**YOUR GOAL:**
Can you transcribe the data exactly? Leave the pictures out.

**GIVEN INFORMATION:**
########
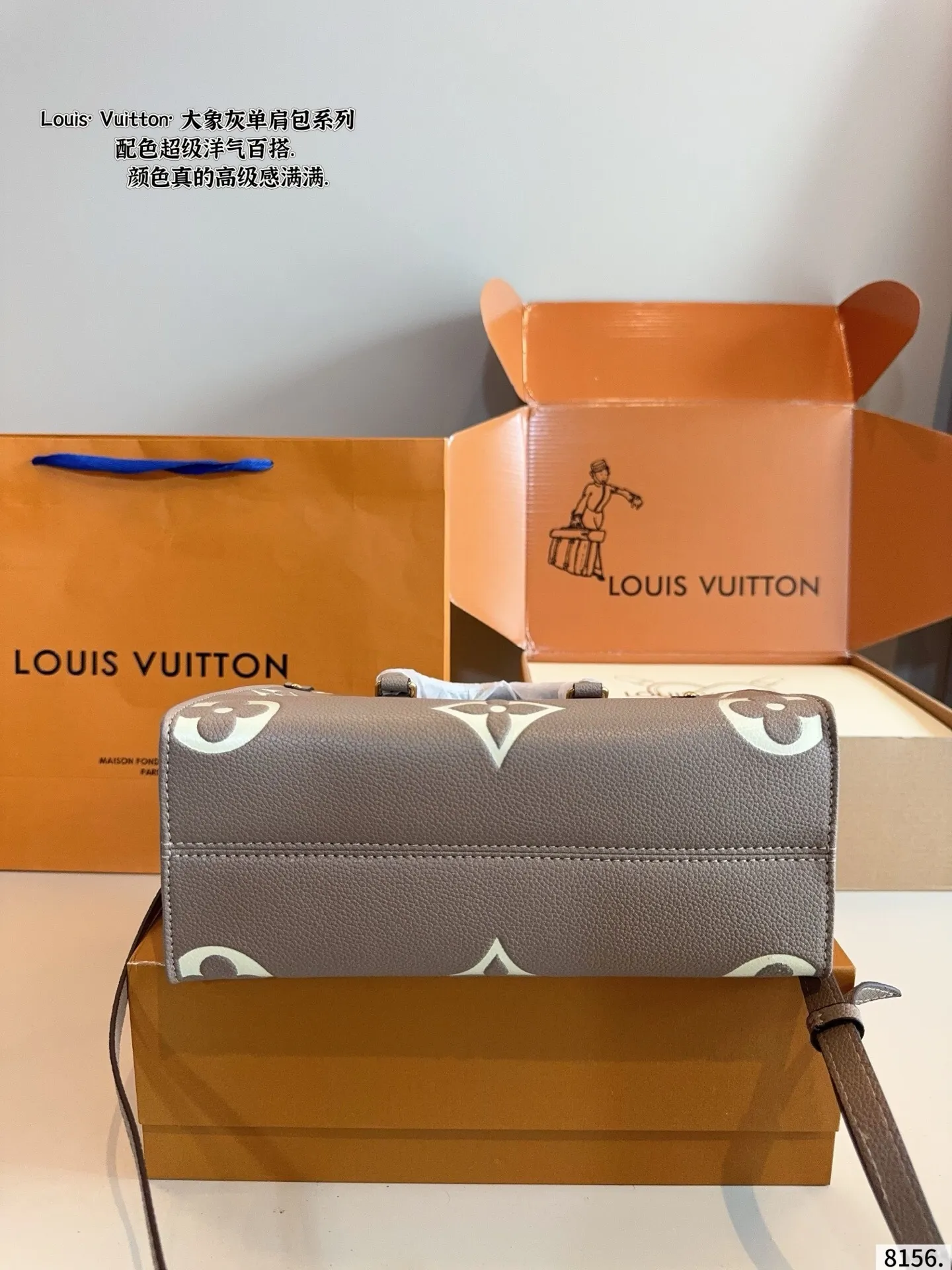 All Categories Official Website "Brand Women's Bags" Women's Bags 💙 LV 2025 New LV Crossbody Bag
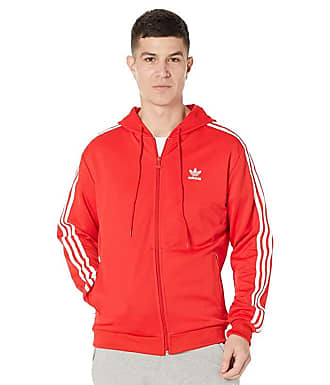 Men's Red adidas Jackets: 13 Items in Stock | Stylight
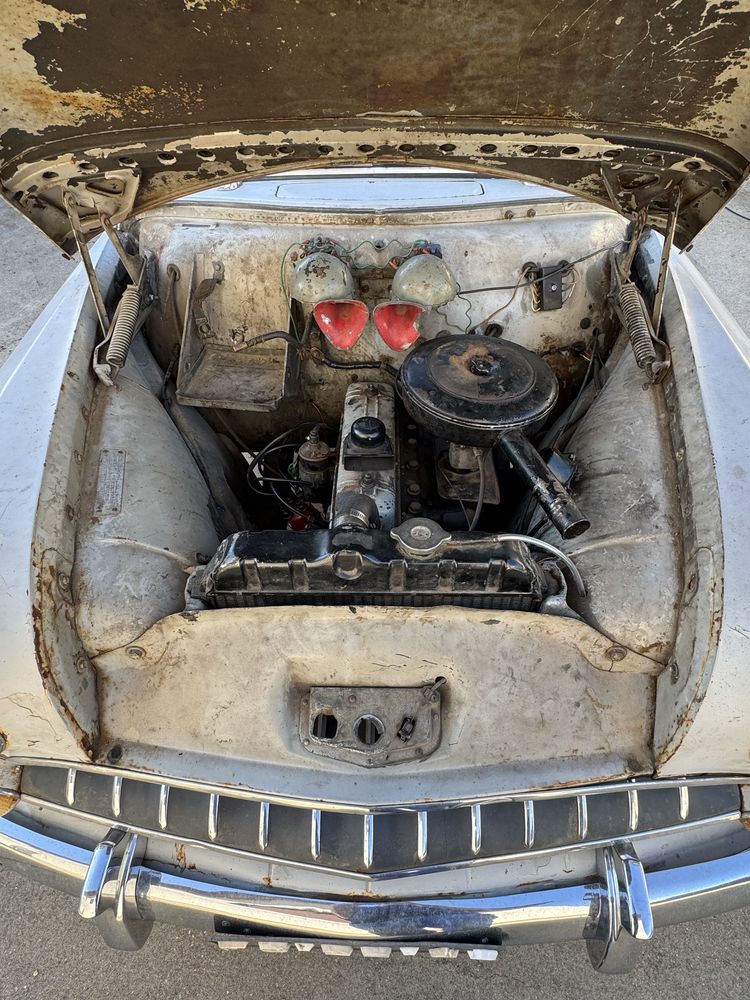 Opel Olympia Rekord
########
**EXPECTED OUTPUT:**
 All Categories Official Website "Brand Women's Bags" Women's Bags 💙 LV 2025 New LV Crossbody Bag
 Men's Red adidas Jackets: 13 Items in Stock | Stylight
 Opel Olympia Rekord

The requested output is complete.